Казалось, молодой человек смеялся целую вечность. Наконец, смех стал стихать, перешел в полувсхлип - полустон и резко оборвался: так захлопнувшаяся дверь отрезает доносящиеся из комнаты звуки. Анри вытер выступившие слёзы тыльной стороной ладони, притянул к своим губам её похолодевшую от волнения руку, поцеловал кончики пальцев и сказал:
- Я знал, что однажды придёт момент для этого: «Анри, между нами всё кончено!». Но это немыслимо — ставить жирную точку в такой прекрасный день! Как насчёт того, чтобы остаться друзьями?

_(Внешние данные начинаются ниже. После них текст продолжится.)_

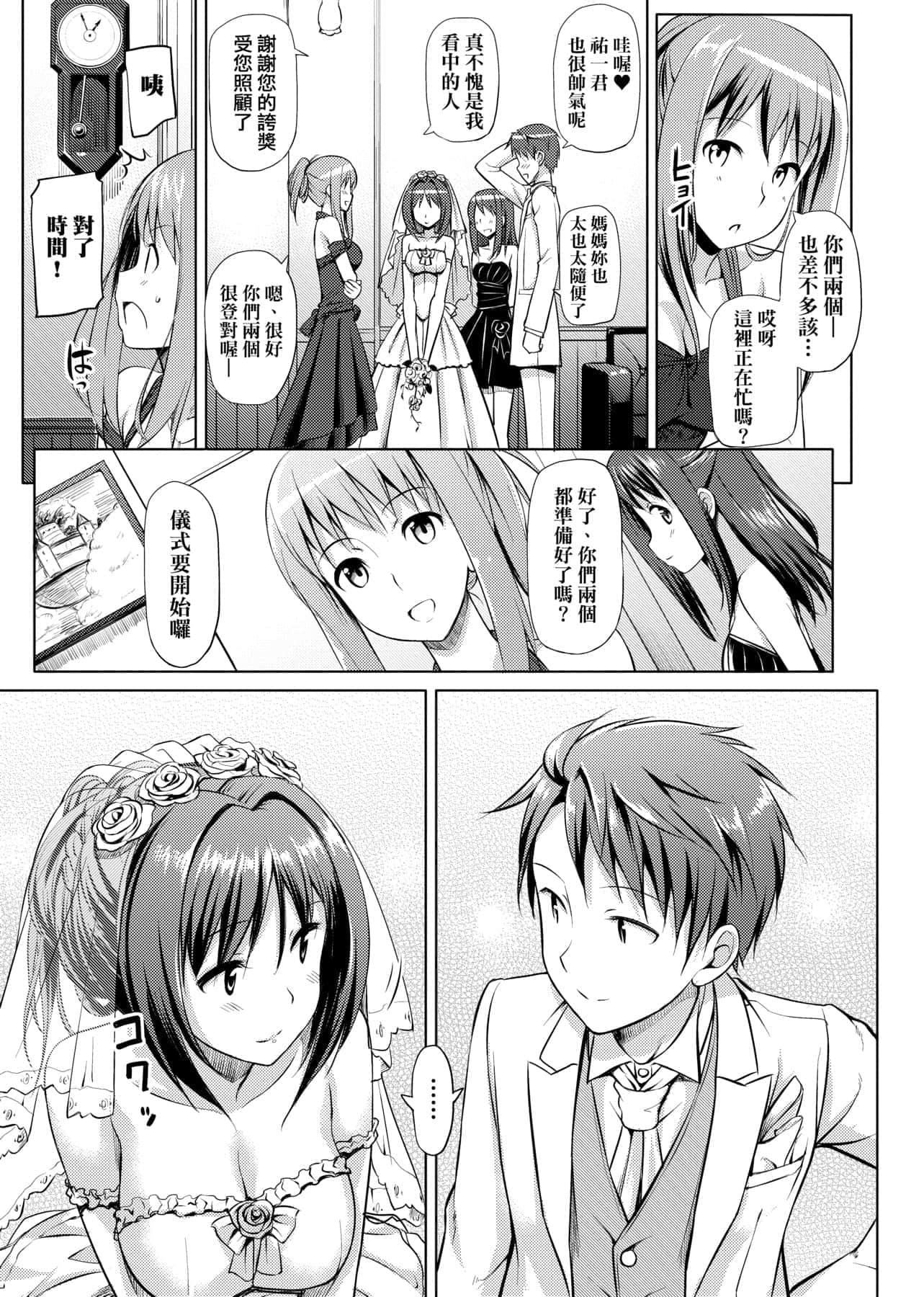 [たかやKi]恋纟记念日新装版[黑条修正][单行本][未来数位中文][たかやKi]恋纟记念日新装版[黑条修正][单行本][未来数位中文]
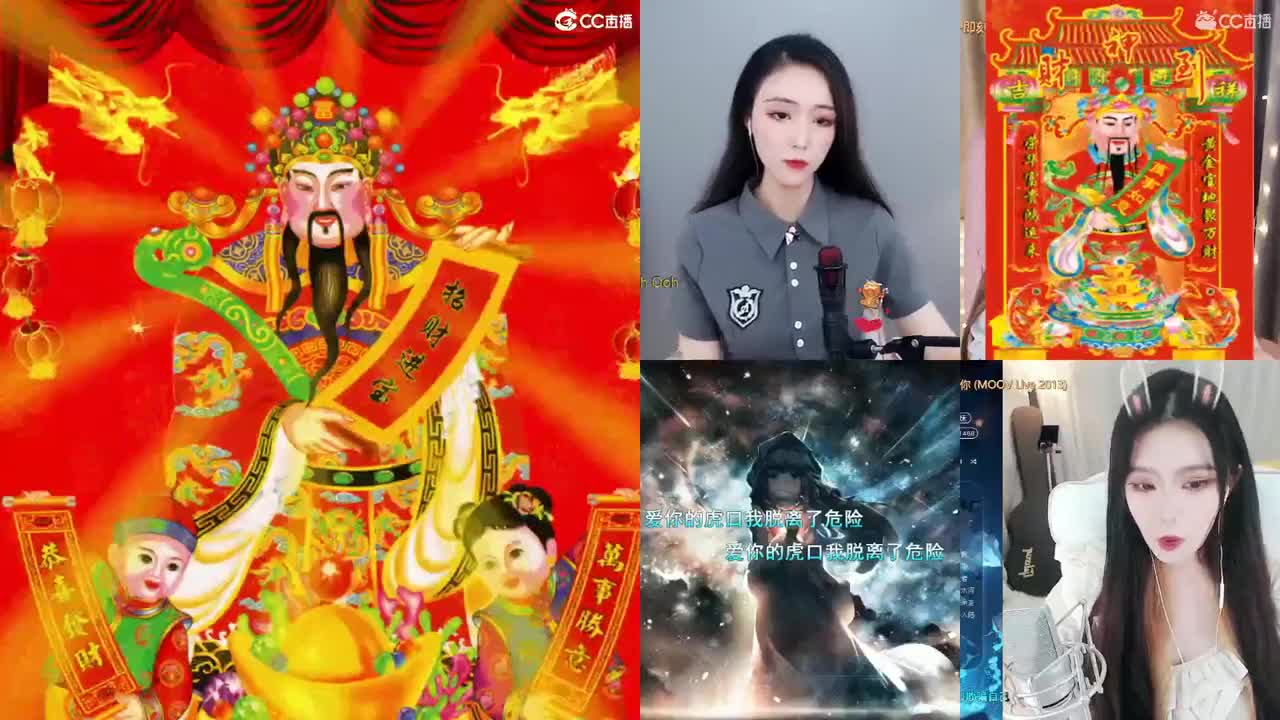 端午安康 第1段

- Возможна ли дружба между бывшими любовниками? - взгляд пытался нырнуть в оставшийся на донышке кофе. Спасительный момент - можно вытребовать обратно свою руку, чтобы сделать глоток из расписанной цветами и бабочками фаянсовой кружки. Вкус полуостывшего напитка оказался ещё приятнее, чем был, когда заказ только что принесли.
- Вот мы и посмотрим… - Анри расстался с её ладошкой с сожалением, но тут же потянулся к ней губами.